Overall, smart guns are not reliable. No matter how reliable smart guns are made they will likely be less reliable than standard gun safeties. Of the 320,000,000 guns in the United States there are only 489 accidental discharge injuries each year, or 0.15 accidental discharge injuries per 100,000 people (roughly the same frequency of being injured by a cow).

Hacking

Currently, smart gun on the market so far has been hacked. Usually the gun was hacked before it was released to the market. Gun owners know that in order to use a firearm effectively you need to be able to take it apart to clean. Once the hardware is available to be open or changed by the consumer the gun will immediately be hacked.

Resale

Guns are bought and sold at a high rate. Many gun owners don’t believe that they should part with a gun. Yet, many gun owners looking to purchase entry level pistols will then sell their pistol and upgrade to high end models.

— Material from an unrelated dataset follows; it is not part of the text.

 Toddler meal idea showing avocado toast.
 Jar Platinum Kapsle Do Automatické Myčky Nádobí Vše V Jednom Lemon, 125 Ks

Resale value matters with gun purchasers. Unfortunately, every major gun manufacturer stopped their production of smart guns due to public backlash.

Refitting

The current number of firearms in the US is 325 Million – 612 Million. The cost of refitting that number of firearms is staggering. The bigger problem is politically, many want to see standard firearms outlawed once smart guns become available. This has lead to several major protests against smart guns, with gun stores unwilling to sell this product.

Conclusion

The problem with smart guns is they require power, add weight, and add complexity. Smart guns have so far been proven easily hackable. Creating a hack proof design would not allow the end users to clean, repair, or modify their guns.

The added “safety features” decrease a gun owner’s reliance on their own brains and training to know that a gun is safe and clean. Increasing the cost and complexity creates a barrier for new gun owners. Many supporters of smart guns feel this barrier can reduce violence, while other believe that income levels and technology is not a should not be a barrier for owning self-defense weapons.